Running a flask server using a 3-line script:
```py
from ai4bharat.transliteration import xlit_server
app, engine = xlit_server.get_app()
app.run(host='0.0.0.0', port=8000)
```

Then on browser (or) curl, use link as `http://{IP-address}:{port}/tl/{lang-id}/{word_in_eng_script}`

Example:
http://localhost:8000/tl/ta/amma
http://localhost:8000/languages

---

## Debugging errors

If you face any of the following errors:
> ValueError: numpy.ndarray size changed, may indicate binary incompatibility. Expected 88 from C header, got 80 from PyObject
> ValueError: Please build (or rebuild) Cython components with `python setup.py build_ext --inplace`.

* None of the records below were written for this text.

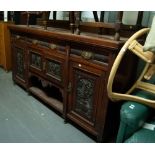 AN EARLY TWENTIETH CENTURY MAHOGANY SIDEBOARD, RAISED BACK, ONE LONG AND TWO SHORT DRAWERS, ONE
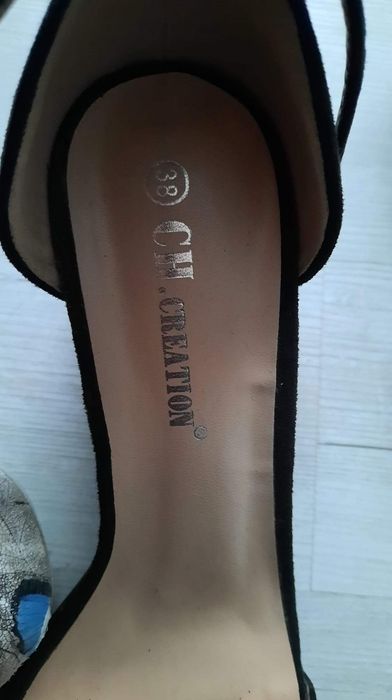 Buty na słupku rozmiar 38 kartonik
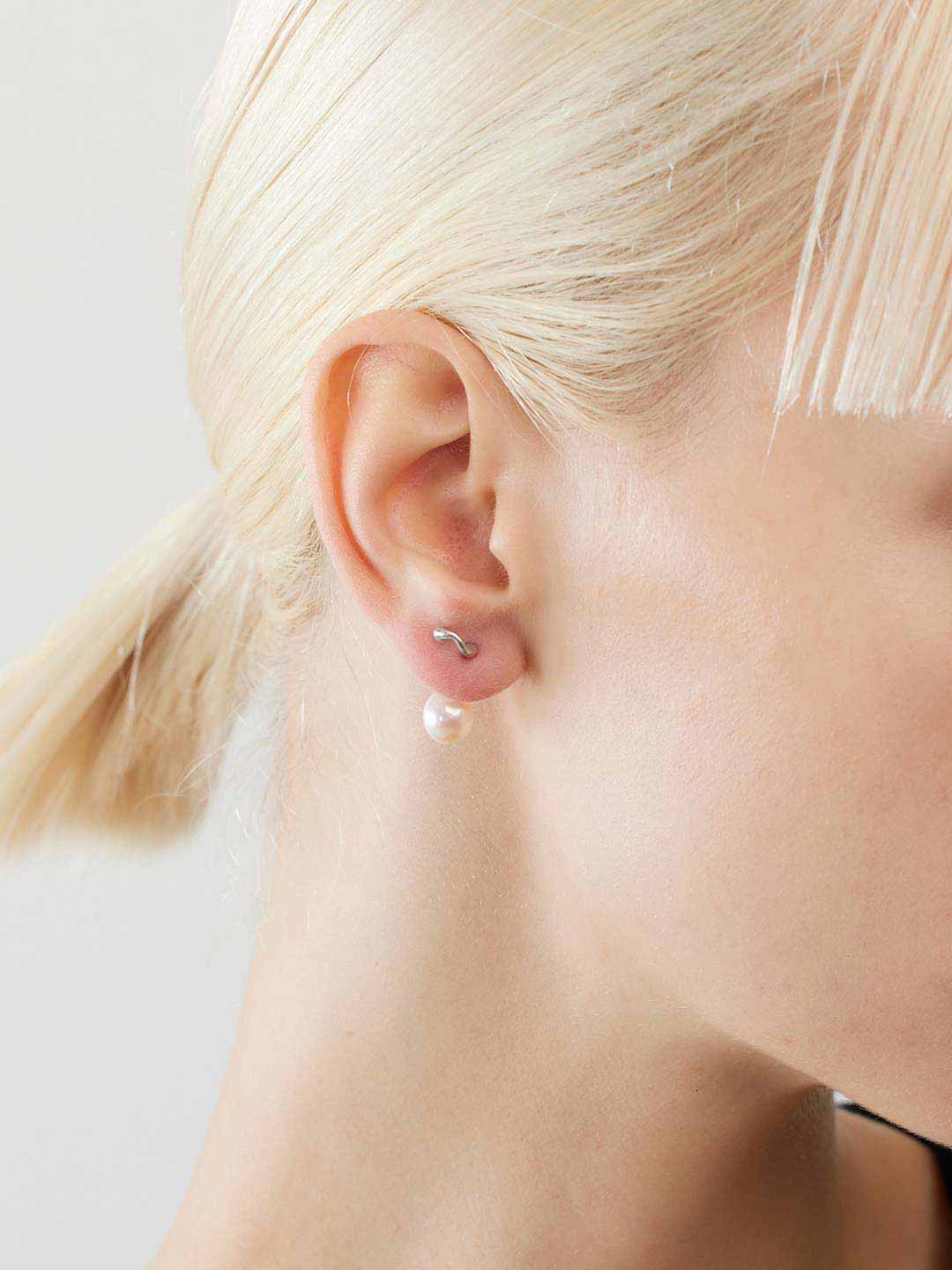 Operaen Stud Pierced Earring - Silver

Run: `pip install --upgrade numpy`

---

## Release Notes

This package contains applications built around the Transliteration engine. The contents of this package can also be downloaded from [our GitHub repo](https://github.com/AI4Bharat/IndicXlit).

All the NN models of Indic-Xlit are released under MIT License.